Die beteiligten kantonalen, regionalen und kommunalen Sozialdienste sind aus der ganzen Schweiz. Es sind alle Landesteile sowie städtische und ländliche Regionen vertreten. Die Repräsentativität im wissenschaftlichen Sinn ist eingeschränkt, da auf eine zufällige Auswahl der Sozialdienste verzichtet wurde. Insgesamt repräsentieren die Teilnehmenden 58 Prozent der Sozialhilfebeziehenden in der Schweiz. Folgende Sozialdienste nehmen am Monitoring teil:

  • Ostschweiz: Gemeinde Herisau, Kanton Glarus, Stadt Chur, Stadt St. Gallen, Stadt Weinfelden, Stadt Winterthur, Stadt Zürich (repräsentieren 44,1 Prozent der Sozialhilfebeziehenden der Ostschweiz)
  • Nordwestschweiz: Gemeinde Klingnau, Gemeinde Seon, Gemeinde Reinach BL, Stadt Basel, Stadt Bern, Stadt Biel, Stadt Olten (repräsentieren 30,1 Prozent der Sozialhilfebeziehenden der Nordwestschweiz)
  • Tessin: Kanton Tessin (repräsentiert 100 Prozent der Sozialhilfebeziehenden des Kantons Tessin)
  • Suisse romande: Kanton Genf, Kanton Neuchâtel, Kanton Waadt**, Region Murten (repräsentieren 83,3 Prozent der Sozialhilfebeziehenden der Suisse romande). Die Angaben aus dem Kanton Wallis werden explorativ ins Monitoring einbezogen, da keine monatlichen Zahlen für das Jahr 2019 vorliegen.
  • Zentralschweiz: Bezirk Küssnacht, diverse Gemeinden des Kantons Zug (Baar, Burgergemeinden, Cham, Hünenberg, Menzingen, Oberägeri, Risch-Rotkreuz, Soziale Dienste Asyl Kanton Zug, Stadt Zug, Steinhausen Unterägeri), Gemeinde Sarnen, Gemeinde Ingenbohl, Kanton Nidwalden, Stadt Luzern (repräsentieren 40,4 Prozent der Sozialhilfebeziehenden der Zentralschweiz)

Es wird auf die aktiven Dossiers Bezug genommen (= Unterstützungseinheit mit Auszahlung im erfassten Monat).

Die SKOS berechnet mit den Fallzahlen die Veränderungen in Form eines Index. Der Basiswert 100 entspricht dem Durchschnittsmonat des Jahres 2019. Es werden ein nationaler Index sowie ein Vergleichsindex für die fünf Landesteile erstellt (Ostschweiz mit Zürich, Nordwestschweiz, Tessin, Westschweiz und Zentralschweiz). Die Indexe werden gewichtet und berechnet aufgrund des Anteils Sozialhilfebeziehender (Sozialhilfestatistik 2019). Die Gewichtung erfolgt sowohl innerhalb eines Landesteils als auch für die ganze Schweiz.

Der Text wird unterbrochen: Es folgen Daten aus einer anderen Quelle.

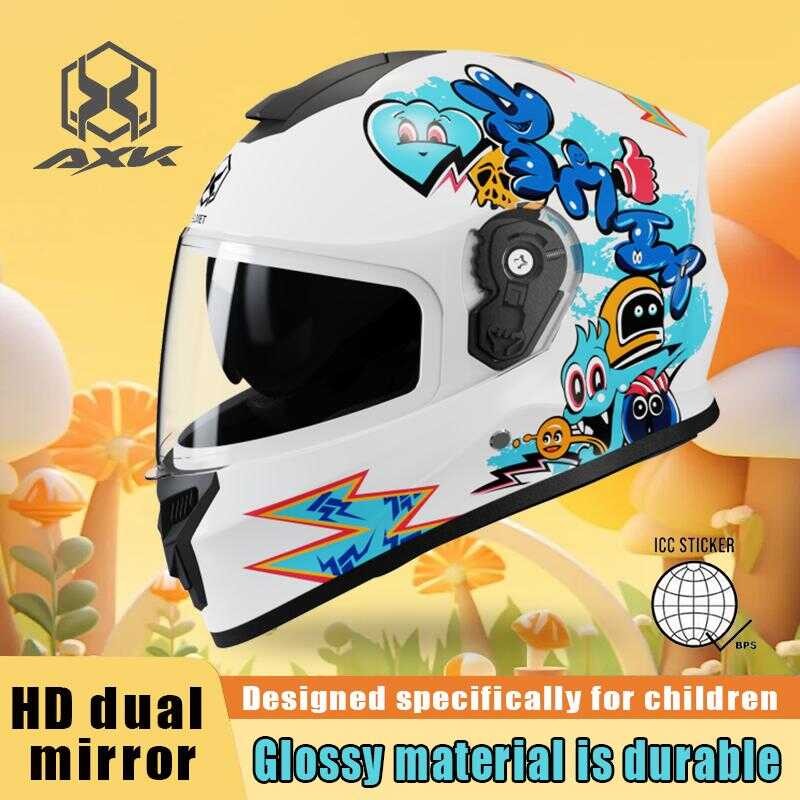 Kids Motocross Helmet, Full Face Helmet MTB With Goggles/Gloves/Mask/Helmet Net, Youth Downhill Off-Road Motorcycle Crash Helmet, ATV BMX Quad Bike - View #9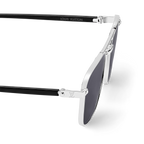 Louis Vuitton Men Sqaure Frame Shiny Silver Sunglasses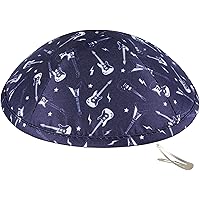 Kinder Kippa Mit Flugzeug-Stickerei - Bunte Jarmulke Für Jüdische Feste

Treffen Daten von einzelnen Sozialdiensten mit Verzögerung ein, werden die Anpassungen rückwirkend integriert und im Folgemonat publiziert.

*   Daten für den Monat Oktober liegen noch nicht vor.
** Technische Effekte von Zahlungen im September und Oktober werden im November bereinigt. Aktuell wird der vorläufige Durchschnitt der Monate September und Oktober 2021 verwendet.